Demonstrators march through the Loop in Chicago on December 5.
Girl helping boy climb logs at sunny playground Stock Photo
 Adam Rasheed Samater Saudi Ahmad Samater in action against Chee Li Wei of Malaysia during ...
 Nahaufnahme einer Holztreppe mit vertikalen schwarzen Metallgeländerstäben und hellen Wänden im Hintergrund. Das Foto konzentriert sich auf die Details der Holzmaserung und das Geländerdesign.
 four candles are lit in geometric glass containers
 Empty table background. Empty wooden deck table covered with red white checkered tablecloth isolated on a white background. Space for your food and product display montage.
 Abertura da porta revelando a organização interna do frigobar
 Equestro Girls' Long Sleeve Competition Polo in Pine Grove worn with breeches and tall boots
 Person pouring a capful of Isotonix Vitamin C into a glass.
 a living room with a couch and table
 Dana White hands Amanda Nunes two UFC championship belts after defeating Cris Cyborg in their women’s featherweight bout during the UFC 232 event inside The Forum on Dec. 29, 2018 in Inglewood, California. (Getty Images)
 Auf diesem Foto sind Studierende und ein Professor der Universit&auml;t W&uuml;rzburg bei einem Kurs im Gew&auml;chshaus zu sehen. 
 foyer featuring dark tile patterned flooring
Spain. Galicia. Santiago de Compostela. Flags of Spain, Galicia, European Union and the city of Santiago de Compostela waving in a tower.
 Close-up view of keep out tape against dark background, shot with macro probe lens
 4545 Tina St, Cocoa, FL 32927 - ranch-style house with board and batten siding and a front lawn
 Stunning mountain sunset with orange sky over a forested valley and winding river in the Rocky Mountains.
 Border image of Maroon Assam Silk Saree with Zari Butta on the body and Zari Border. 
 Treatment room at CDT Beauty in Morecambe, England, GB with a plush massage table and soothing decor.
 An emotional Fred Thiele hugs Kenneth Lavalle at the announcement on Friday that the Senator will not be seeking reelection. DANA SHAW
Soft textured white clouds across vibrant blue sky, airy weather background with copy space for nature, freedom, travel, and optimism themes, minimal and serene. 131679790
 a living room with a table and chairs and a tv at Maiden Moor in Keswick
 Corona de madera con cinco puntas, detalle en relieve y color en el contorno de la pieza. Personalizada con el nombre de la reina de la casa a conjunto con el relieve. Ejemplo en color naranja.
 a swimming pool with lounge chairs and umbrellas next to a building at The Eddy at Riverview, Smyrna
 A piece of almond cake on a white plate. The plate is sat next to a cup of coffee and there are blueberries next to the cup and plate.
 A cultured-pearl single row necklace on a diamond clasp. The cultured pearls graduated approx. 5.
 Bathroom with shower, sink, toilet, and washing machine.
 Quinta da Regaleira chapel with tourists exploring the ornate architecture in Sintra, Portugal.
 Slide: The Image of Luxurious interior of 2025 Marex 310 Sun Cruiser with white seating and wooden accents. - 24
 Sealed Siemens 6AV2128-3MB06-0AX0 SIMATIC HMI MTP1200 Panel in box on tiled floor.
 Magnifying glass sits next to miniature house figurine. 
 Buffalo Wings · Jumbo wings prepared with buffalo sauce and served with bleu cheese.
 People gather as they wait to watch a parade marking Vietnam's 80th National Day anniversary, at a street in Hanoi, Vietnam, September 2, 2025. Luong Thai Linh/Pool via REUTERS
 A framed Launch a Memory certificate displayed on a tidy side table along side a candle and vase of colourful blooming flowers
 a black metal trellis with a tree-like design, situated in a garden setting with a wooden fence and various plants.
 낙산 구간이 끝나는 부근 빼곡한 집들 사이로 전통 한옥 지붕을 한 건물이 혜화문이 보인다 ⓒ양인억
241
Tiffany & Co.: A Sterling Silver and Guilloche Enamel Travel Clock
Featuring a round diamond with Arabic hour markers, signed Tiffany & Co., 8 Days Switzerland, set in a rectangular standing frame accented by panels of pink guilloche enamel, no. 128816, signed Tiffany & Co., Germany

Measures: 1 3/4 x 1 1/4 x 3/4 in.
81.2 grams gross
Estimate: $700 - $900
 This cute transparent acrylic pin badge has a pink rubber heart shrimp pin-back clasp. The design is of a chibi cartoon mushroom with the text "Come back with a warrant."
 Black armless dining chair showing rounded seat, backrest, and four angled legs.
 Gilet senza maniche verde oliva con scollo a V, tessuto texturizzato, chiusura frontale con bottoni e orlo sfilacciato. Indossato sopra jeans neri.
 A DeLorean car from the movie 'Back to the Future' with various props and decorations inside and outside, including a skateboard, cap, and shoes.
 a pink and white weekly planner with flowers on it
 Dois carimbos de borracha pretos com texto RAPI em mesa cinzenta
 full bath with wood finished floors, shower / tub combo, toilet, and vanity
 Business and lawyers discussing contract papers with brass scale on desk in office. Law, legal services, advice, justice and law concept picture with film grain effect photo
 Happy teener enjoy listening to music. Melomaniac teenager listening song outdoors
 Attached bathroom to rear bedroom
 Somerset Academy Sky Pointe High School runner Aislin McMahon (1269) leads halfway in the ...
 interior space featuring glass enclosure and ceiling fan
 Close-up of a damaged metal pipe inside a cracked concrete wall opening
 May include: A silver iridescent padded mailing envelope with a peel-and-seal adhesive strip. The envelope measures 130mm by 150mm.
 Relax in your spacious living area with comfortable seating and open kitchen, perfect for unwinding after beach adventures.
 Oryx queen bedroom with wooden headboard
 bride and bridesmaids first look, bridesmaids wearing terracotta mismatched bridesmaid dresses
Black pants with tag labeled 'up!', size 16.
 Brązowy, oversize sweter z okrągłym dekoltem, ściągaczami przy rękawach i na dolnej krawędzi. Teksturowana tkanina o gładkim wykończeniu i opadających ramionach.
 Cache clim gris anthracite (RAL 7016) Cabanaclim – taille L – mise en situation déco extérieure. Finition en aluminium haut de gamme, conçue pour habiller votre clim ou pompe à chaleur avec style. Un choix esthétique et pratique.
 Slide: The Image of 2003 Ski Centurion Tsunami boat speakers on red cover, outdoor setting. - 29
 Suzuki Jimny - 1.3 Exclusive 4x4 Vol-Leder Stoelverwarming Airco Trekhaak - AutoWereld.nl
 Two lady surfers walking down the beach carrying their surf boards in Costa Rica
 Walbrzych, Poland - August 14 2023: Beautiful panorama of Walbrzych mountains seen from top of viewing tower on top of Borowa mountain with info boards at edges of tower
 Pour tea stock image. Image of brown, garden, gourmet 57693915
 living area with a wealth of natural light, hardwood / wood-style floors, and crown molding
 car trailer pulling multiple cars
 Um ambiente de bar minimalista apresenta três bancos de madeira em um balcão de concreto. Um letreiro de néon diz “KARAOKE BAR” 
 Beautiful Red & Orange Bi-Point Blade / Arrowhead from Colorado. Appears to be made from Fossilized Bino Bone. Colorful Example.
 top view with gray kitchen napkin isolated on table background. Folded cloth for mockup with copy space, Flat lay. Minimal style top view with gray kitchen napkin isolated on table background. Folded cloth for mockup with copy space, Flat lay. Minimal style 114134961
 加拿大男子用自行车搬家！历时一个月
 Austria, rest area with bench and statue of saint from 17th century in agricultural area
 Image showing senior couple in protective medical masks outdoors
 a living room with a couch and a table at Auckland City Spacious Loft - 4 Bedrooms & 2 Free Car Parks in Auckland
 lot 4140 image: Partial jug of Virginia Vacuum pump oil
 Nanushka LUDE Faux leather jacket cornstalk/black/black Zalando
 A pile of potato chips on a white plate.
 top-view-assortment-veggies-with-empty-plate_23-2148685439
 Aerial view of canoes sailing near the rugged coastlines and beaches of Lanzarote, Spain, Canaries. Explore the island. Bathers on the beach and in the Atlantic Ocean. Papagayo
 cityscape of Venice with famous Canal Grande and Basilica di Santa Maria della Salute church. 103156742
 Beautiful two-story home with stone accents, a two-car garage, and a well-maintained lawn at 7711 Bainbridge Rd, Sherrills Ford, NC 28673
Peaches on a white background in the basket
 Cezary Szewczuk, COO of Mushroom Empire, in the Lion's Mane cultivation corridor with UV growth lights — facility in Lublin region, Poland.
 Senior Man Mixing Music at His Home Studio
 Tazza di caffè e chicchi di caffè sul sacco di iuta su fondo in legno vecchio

=====

AIM OF THE TASK:
Filter the listing down to the lines holding the word "diamond", and return those.

REPLY:
 A cultured-pearl single row necklace on a diamond clasp. The cultured pearls graduated approx. 5.
Featuring a round diamond with Arabic hour markers, signed Tiffany & Co., 8 Days Switzerland, set in a rectangular standing frame accented by panels of pink guilloche enamel, no. 128816, signed Tiffany & Co., Germany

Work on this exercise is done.